観れなかった扉座公演 「新浄瑠璃 百鬼丸」
今月上旬に、紀伊国屋サザンシアターでやっていた、扉座公演。
この演目は再演である。
初演をみたとき、下敷きとなっている手塚治虫さんの「どろろ」のこととか、その演出の組み立ての面白さとか、また大好きな浄瑠璃仕立てであることとか、さまざまな要素が折り重なって、私の扉座観劇史上(こういうとすごいけど…設立のころからけっこう観ているのよ)3本の指に入るくらい、好きな作品となった。
なによりも、(手塚ワールドではこのテーマはかなり語られているけど)「肉体と魂」の表現に、心打たれたのだった。
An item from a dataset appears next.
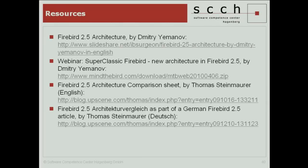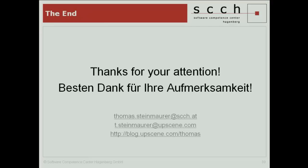That's pretty much the session. I've collected a few resources: two webinars and two presentations from Dimitri. On the blog there is a comparison sheet on the architectures in English, and for German-speaking folks there was a Fiber 2.5 article in a German magazine with a comparison table in German. If you have any questions, feel free. Regarding the embedded server: you can't connect to an embedded server with TCP/IP, but you can use it as a client library to a remote server. Thanks and enjoy the evening.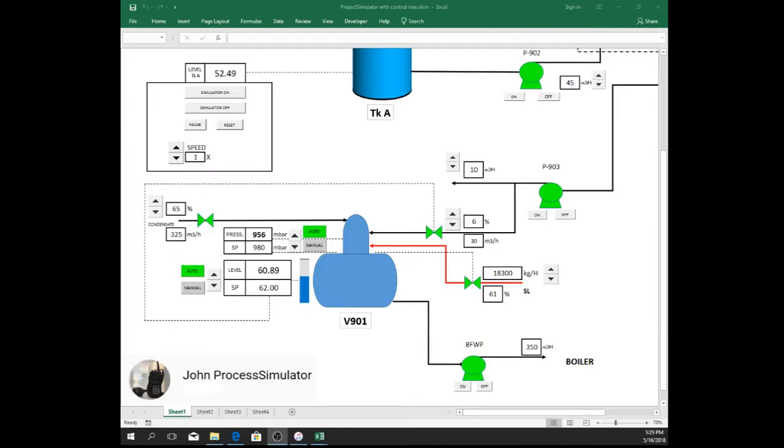Hi, here is my process simulator of deaerator, controlling the level and pressure in auto mode using the Microsoft Excel VBA.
今回、非常に楽しみにしていたが、わけあって観れなかった。
横内さんのことだから、さらに研ぎ澄まされた表現になっていたのではと、楽しみにしていたのだが、とても残念だった。
なので、今回の公演に思いを馳せつつ、前回(といっても5年くらい前?)の印象から、私の感じた「いれものと、その中にはいるもの」について少し語ろうかと思う。
ご存じ「どろろ」は、父親が天下を取りたい野望と引き換えに、魔物と取引をしたために、体の48の部分を失ったままで生まれてくる「百鬼丸」、そしてひょんなことからそれと出会った「どろろ」が、百鬼丸の失われたからだを求めて旅をする話である。
48の魔物と対決し、それを克服したらからだを取り戻せる、そのための旅である。
マンガの原作ではどろろは可愛らしい子供で、百鬼丸は仮の体のハンサムボーイだったが、舞台ではどろろはいい大人なコソ泥(なんたって演ってるのが山中崇史さんだもんね)、百鬼丸はのっぺらぼうの人形だ。そして影分身のように、「声=魂」役の高橋麻理、「影=肉体」役の累央が登場する。
これが、うまい、と当時の私は唸った。
百鬼丸は最初は肉体がないのだ。
目はガラス玉だし、手足も自由に動かない、口もない、肉の塊みたいな存在なのだ。
でも、「魂」は宿っている。
そして、その「魂」はとても清らかだ。
自分の体を売った父を憎んでもなく、母をひたすら慕い、母に自分の姿を認めてもらうためだけに、肉体を得るべく戦い抜く。
この「魂」に、高橋麻理の澄んだ声がとても似合っていた。
いっぽう、肉体のほうは、ひとつひとつ魔物の壁をクリアしていくごとに、手足を得、目を得て、だんだんと「肉」を持った体でさまざまな事象を感じることに喜びを見出してくる。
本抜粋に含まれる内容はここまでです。